Comment 15 Eike Hein 2015-01-17 17:36:46 UTC
Git commit 3f3e074237c52b49e06083a38ab6624a541e63d1 by Eike Hein.
Committed on 17/01/2015 at 17:34.
Pushed by hein into branch 'master'.

Add support for CP949 to KCharsets.

This is a recreation of a patch written originally for kdelibs
by Park Shinjo, which entered kdelibs.git as 7d4ca9a4 prior to
this. The tables in this version were regenerated clean and
test coverage was added and tests done with both ICU and non-ICU
builds of Qt.

M  +2    -0    autotests/kcharsetstest.cpp
M  +21   -14   src/kcharsets.cpp

Comment 16 Eike Hein 2015-01-17 22:52:37 UTC
Git commit f9a5d5cb8577d7afd013f6f345224bf8658941c4 by Eike Hein.
Committed on 17/01/2015 at 22:45.
Pushed by hein into branch 'master'.

Improve the mapping to Qt 5's codec names.
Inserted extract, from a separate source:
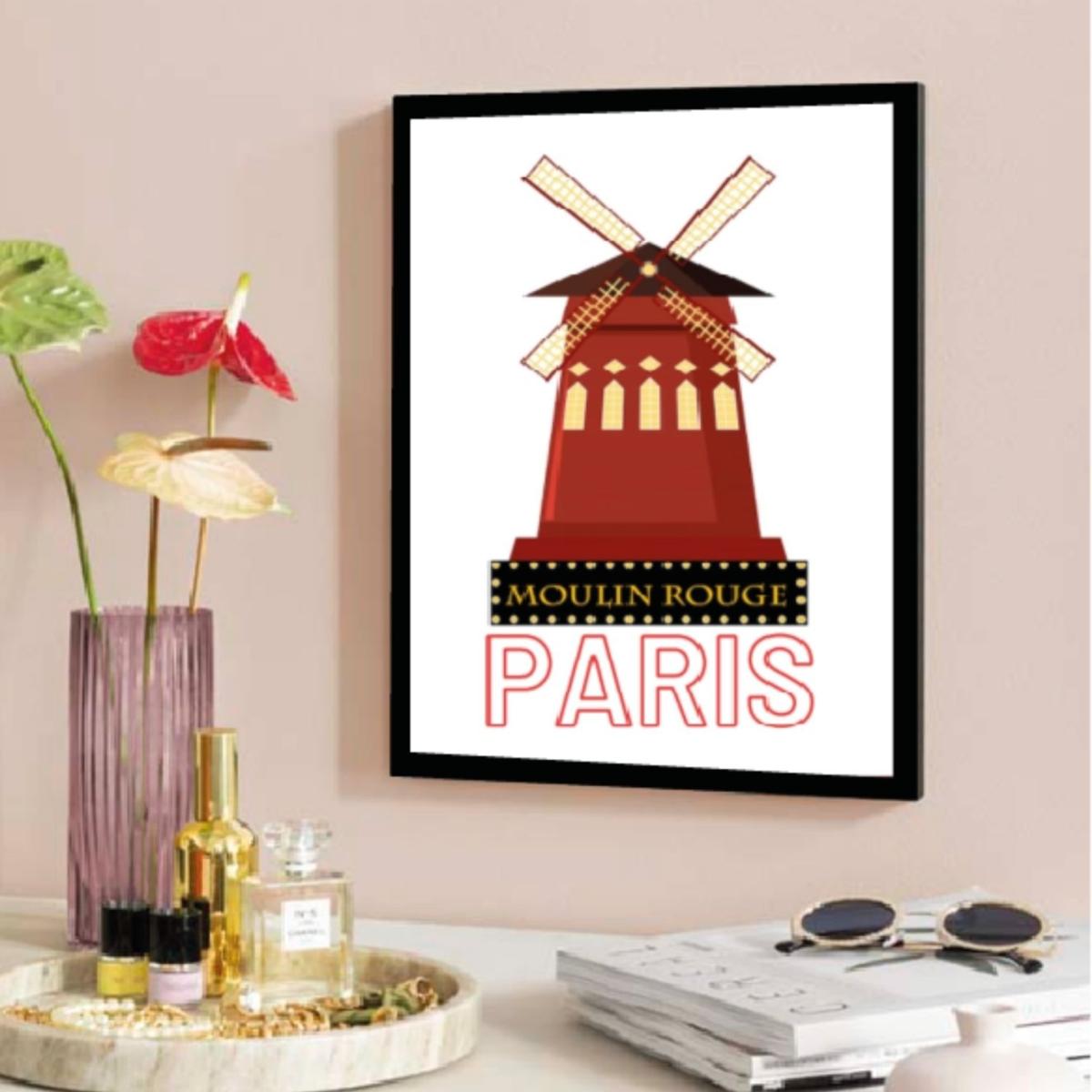 Romane A4 210 X 297Mm Volsew Paris – image 2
This fixes the test failure in the ICU build on CI.

M  +0    -1    autotests/kcharsetstest.cpp
M  +10   -10   src/kcharsets.cpp

Comment 17 Shinjo Park 2015-01-18 07:00:46 UTC
I was about to check out both KDE4 and KF5,  감사합니다 ;) Please also indicate original author of the patch if possible, as my role was revising it.
Comment 18 Eike Hein 2015-01-18 15:10:16 UTC
Probably good for completeness' sake: Basically I tested the KF5 version of Konversation against both ICU-enabled and ICU-disabled builds of Qt 5 to verify, with the testcase of sending and receiving "잌" which isn't covered by EUC-KR. With an ICU build, this becomes mostly a GUI improvement - even just selecting EUC-KR will cause Qt to use QIcuCodec for encode/decode, which will transparently use ICU's windows-949 implementation. With ICU disabled, Qt's own CP949 implementation needs to be used and has to be specifically requested, that's when this addition is the biggest win. "windows-949" is the name it understands in both modes, that's why it's the best alias.
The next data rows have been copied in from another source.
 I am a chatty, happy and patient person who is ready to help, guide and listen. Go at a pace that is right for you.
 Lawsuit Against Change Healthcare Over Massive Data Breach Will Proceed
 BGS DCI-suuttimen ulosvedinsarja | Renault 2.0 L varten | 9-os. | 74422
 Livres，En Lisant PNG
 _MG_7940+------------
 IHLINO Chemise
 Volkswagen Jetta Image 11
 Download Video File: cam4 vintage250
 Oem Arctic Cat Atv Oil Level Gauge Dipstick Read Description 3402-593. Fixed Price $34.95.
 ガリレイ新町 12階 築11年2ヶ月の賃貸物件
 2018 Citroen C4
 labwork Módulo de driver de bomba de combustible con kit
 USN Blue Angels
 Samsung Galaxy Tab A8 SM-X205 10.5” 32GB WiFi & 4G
In Qt 4 on the other hand it's just known as "cp949" and QTextCodec::codecForName() actually understands both "cp949" and "cp 949" (and so does the KCharsets wrapper now). Testing the KDE 4 version of Konversation worked, too.
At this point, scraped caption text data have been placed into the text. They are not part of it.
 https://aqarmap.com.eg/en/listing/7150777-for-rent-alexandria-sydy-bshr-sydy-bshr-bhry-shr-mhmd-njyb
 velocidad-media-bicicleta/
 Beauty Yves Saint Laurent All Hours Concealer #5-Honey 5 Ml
As for attribution ... darklin20 not setting a real name here made this a bit tricky due to our real name policy for contributions. But the commits all reference this ticket, and since the code is generated and the input data differs in your versions I think it's OK to call this two different patches. Nonetheless, many thanks to darklin20  for getting the ball rolling and I'm truly sorry it took so long for us to respond.
Comment 19 darklin20 2015-01-18 15:29:21 UTC
I don't really care about credit. I just want to use Konversation as my default IRC client. Thank you so much.